Zu den eindrucksvollsten Wolfsmilch-Gestalten wächst die bis zu einem Meter große immergrüne Euphorbia characias heran. Sie stammt aus dem Mittelmeerraum und ist in rauen Regionen nicht sicher winterhart. Notfalls müssen Sorten wie 'Black Pearl' mit ihren schwarz gefleckten Einzelblüten oder die cremeweiß gestreifte 'Emmer Green' im Kübel Platz nehmen und im Winter in frostfreie Kühle umziehen. In milderen Zonen stehen sie - nach Frühjahrspflanzung, damit sie einwurzeln können - im sonnigen Beet.

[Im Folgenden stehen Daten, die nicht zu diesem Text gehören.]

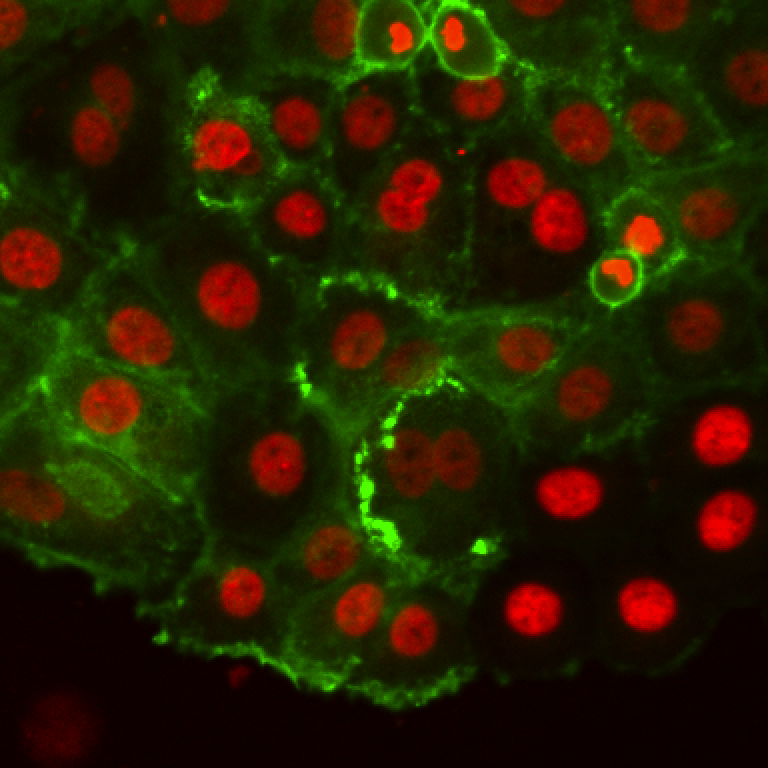 /media/plugins/trackmate/detectors/cellpose/trackmate-cellpose-tutorial-01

Etwas härter im Nehmen ist Euphorbia x martinii, eine natürliche Kreuzung zwischen Euphorbia amygdaloides und Euphorbia characias. Von ihr gibt es kleinwüchsige Sorten wie die nur 30 Zentimeter hohe 'Baby Charm', die fast schon den Steingarten-Wolfsmilch Konkurrenz macht. Die Walzen-Wolfsmilch (Euphorbia myrsinites) ist die bekannteste. Harte, graugrüne Blätter umgeben die Triebe, die bis zu 50 Zentimeter Länge erreichen.
Ein wesentlich zierlicherer Bewohner für den Steingarten ist die Rasen-Wolfsmilch (Euphorbia capitulata). Nur wenige Zentimeter hoch reckt sie kriechende Triebe, die mit der Zeit dichte Matten bilden. Kleine gelbe Blütenköpfchen stehen im April und Mai darüber.

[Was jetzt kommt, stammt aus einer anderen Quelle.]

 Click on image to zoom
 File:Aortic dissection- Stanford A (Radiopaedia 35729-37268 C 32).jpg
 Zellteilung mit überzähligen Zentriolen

Bei ihr wie bei all den anderen schwingt im Namen Wolfsmilch eine große Portion Respekt mit. Ihr Milchsaft, der bei Verletzungen austritt, ist je nach Art mehr oder weniger giftig. Augen und Schleimhäute sollten nicht mit ihm in Berührung kommen. Die Haut empfindlicher Menschen kann nach Kontakt mit der Milch Blasen bilden. Sich Handschuhe anzuziehen und anschließend die Hände gründlich zu waschen, beugt solchen Problemen aber zuverlässig vor.
Die Gattung Euphorbia umfasst 2000 Arten. Der beliebte Weihnachtsstern zählt dazu, der Christusdorn oder die mächtigen Säulen-Euphorbien, die oft mit Kakteen verwechselt werden. Mit den schönen Garten-Euphorbien verbindet sie der weiße Milchsaft und die besondere Blütenform. Euphorbien entwickeln Scheinblüten, sogenannte Cyathien, in denen die extrem reduzierten Blüten zusammensitzen: Weibliche mit nur einem nackten Fruchtknoten, sowie männliche, die nur aus einem Staubgefäß bestehen. Was als Blüte erscheint, sind farbige Hochblätter oder blütenblattartige Anhängsel.